Multi-lingual Document Processing

Process documents in 60+ languages with automatic language detection. No configuration required.

Sample Document

Download the sample: un-document-spanish.pdf

Supported Languages

Reducto automatically detects and processes these languages:

View all 60+ supported languages

Region	Languages
European	English, German, French, Spanish, Portuguese, Italian, Dutch, Polish, Romanian, Czech, Greek, Hungarian, Swedish, Danish, Finnish, Norwegian, Bulgarian, Croatian, Slovak, Slovenian, Lithuanian, Latvian, Estonian, Albanian, Icelandic, Catalan, Serbian, Macedonian, Belarusian, Ukrainian
Asian	Chinese, Japanese, Korean, Hindi, Bengali, Tamil, Telugu, Marathi, Gujarati, Kannada, Malayalam, Punjabi, Thai, Vietnamese, Indonesian, Malay, Filipino/Tagalog, Khmer, Lao, Nepali
Middle Eastern	Arabic, Hebrew, Persian, Turkish
Other	Russian, Armenian, Yiddish, Afrikaans

The standard OCR handles mixed-language documents automatically.

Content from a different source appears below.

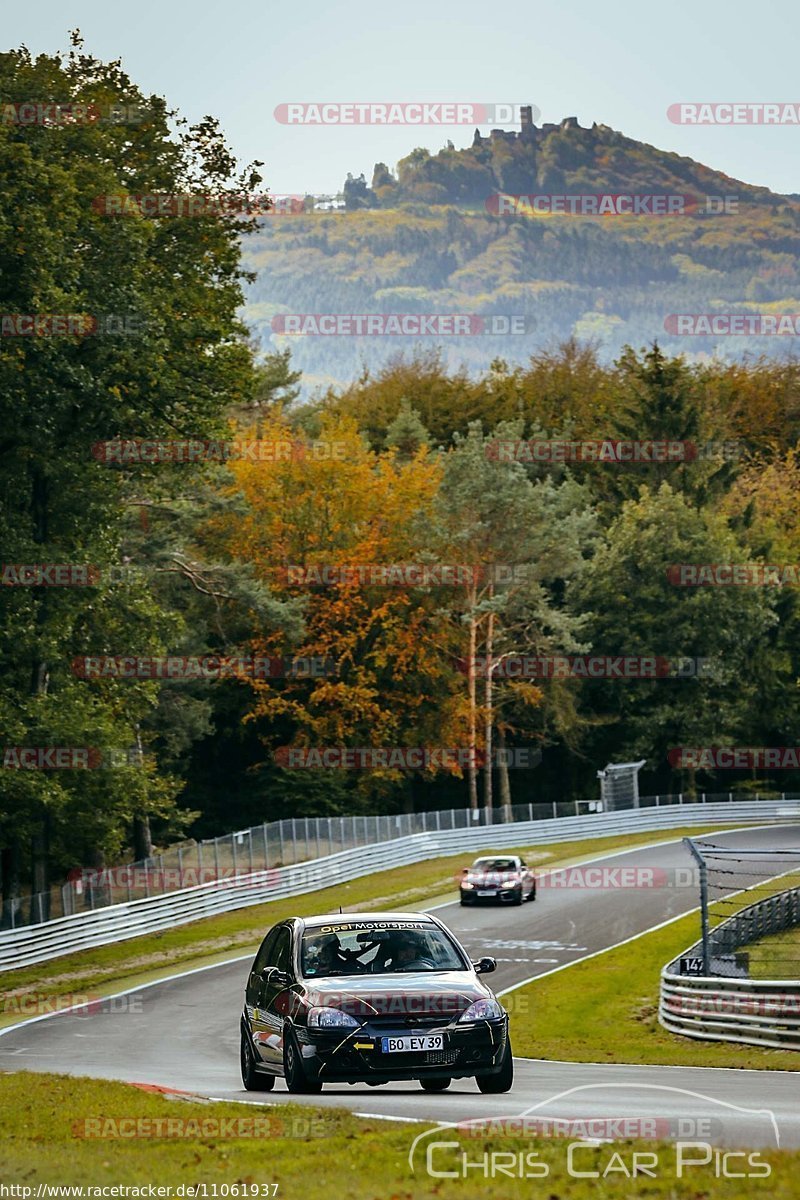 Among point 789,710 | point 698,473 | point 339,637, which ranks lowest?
point 789,710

A single document can contain text in multiple languages without any special configuration.

Create API Key

Open Studio

Go to studio.reducto.ai and sign in. From the home page, click API Keys in the left sidebar.

Studio home page with API Keys in sidebar

View API Keys

The API Keys page shows your existing keys. Click + Create new API key in the top right corner.

Configure Key

In the modal, enter a name for your key and set an expiration policy (or select “Never” for no expiration). Click Create.

New API Key modal with name and expiration fields

Copy Your Key

Copy your new API key and store it securely. You won’t be able to see it again after closing this dialog.

Set the key as an environment variable:

export REDUCTO_API_KEY="your-api-key-here"

Studio Walkthrough

Upload and Configure OCR

Upload your multilingual document to studio.reducto.ai. In the Parse view, open the Configurations tab to see OCR settings.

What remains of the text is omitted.